Exercise aim »
Keep the images out while you retype all of the data exactly.

Segment Start: Collected material

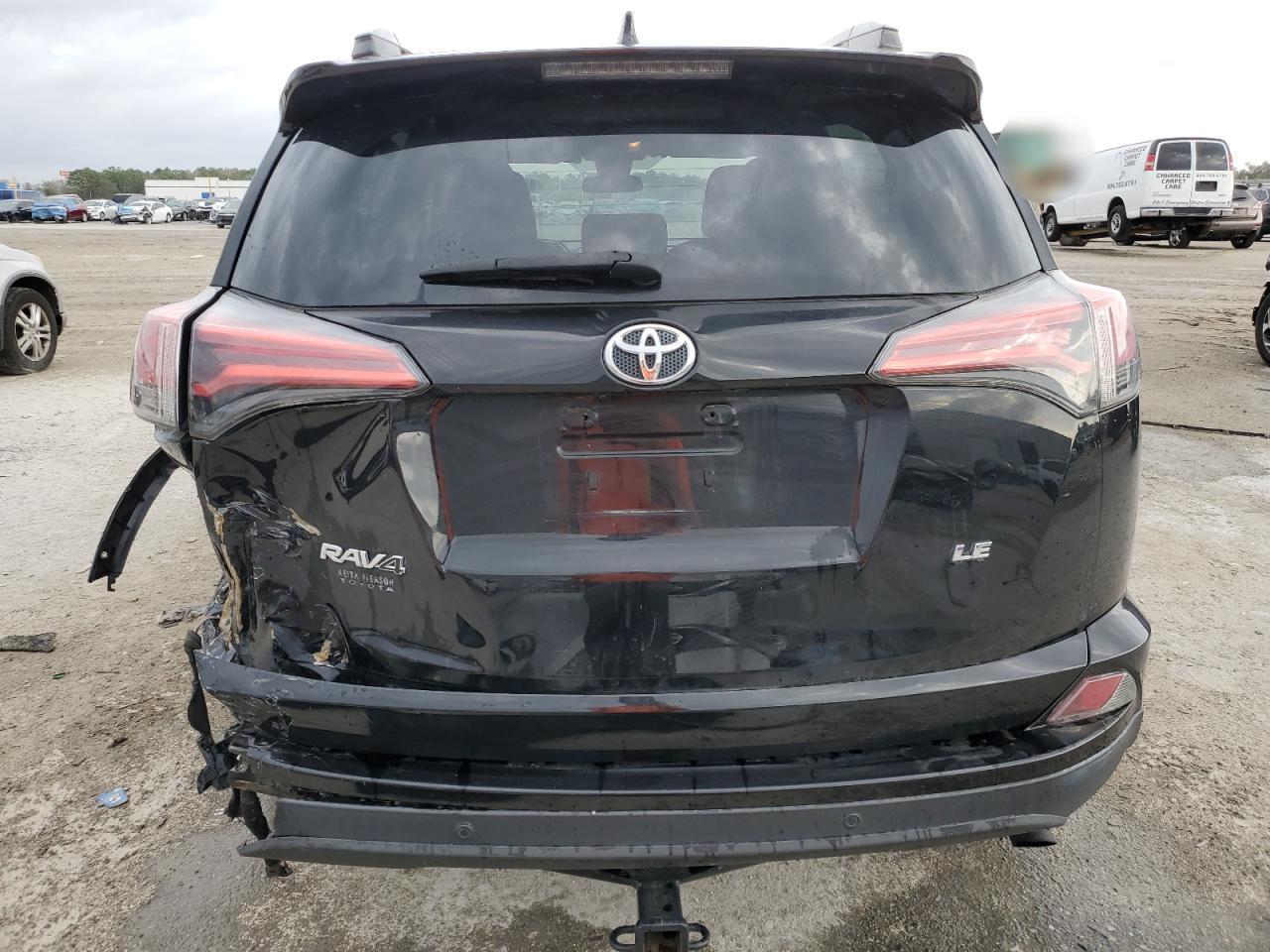 2017 TOYOTA RAV4 LE - Image 6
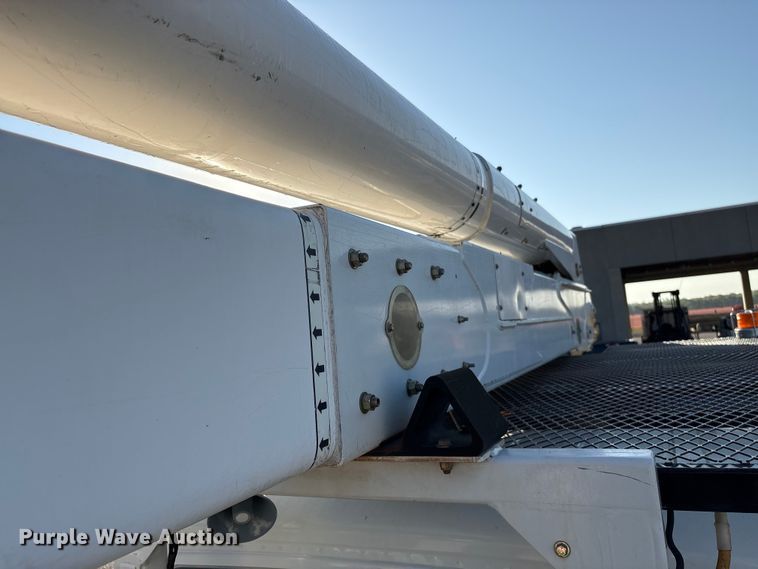 image for item EF1048 2015 Freightliner Business Class M2 bucket truck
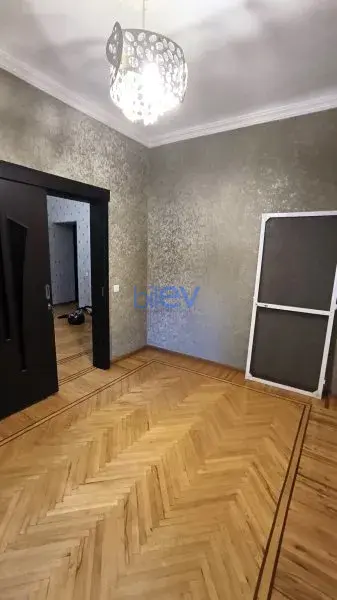Aylıq Kirayə 2 otaqlı Köhnə Tikili bina evi  65m², Bakı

Segment End: Collected material

Answer »
 2017 TOYOTA RAV4 LE - Image 6
 image for item EF1048 2015 Freightliner Business Class M2 bucket truck
Aylıq Kirayə 2 otaqlı Köhnə Tikili bina evi  65m², Bakı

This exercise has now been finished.